(DATA SHOWN)
—————

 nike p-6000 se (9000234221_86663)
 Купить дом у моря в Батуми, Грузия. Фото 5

—————

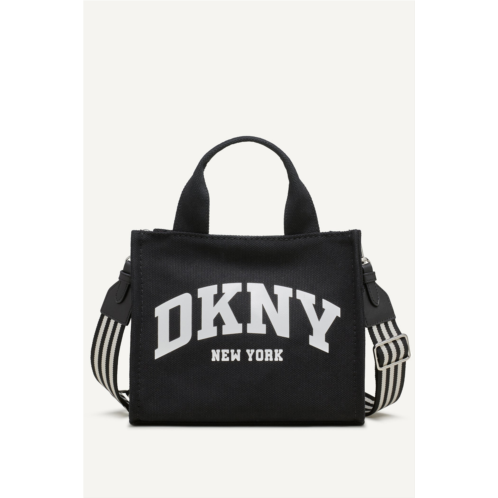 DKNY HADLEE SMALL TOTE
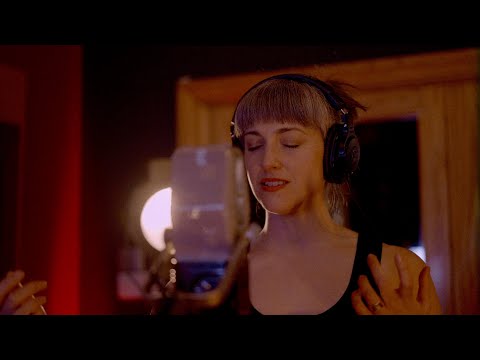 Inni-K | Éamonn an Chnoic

—————

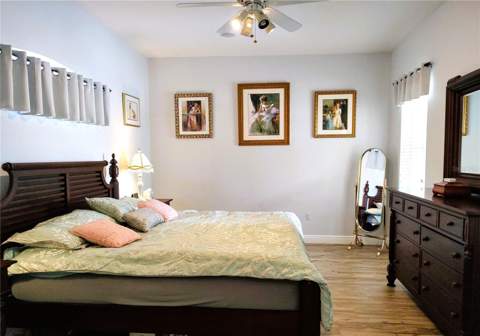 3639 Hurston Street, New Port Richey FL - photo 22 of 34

—————

(TRY IT) The response should hold exactly the lines starting at the line with "nike p-6000 se (9000234221_86663)" and ending at the line with "Купить дом у моря в Батуми, Грузия. Фото 5", and no other line of the material above.

(WRITTEN RESPONSE)
 nike p-6000 se (9000234221_86663)
 Купить дом у моря в Батуми, Грузия. Фото 5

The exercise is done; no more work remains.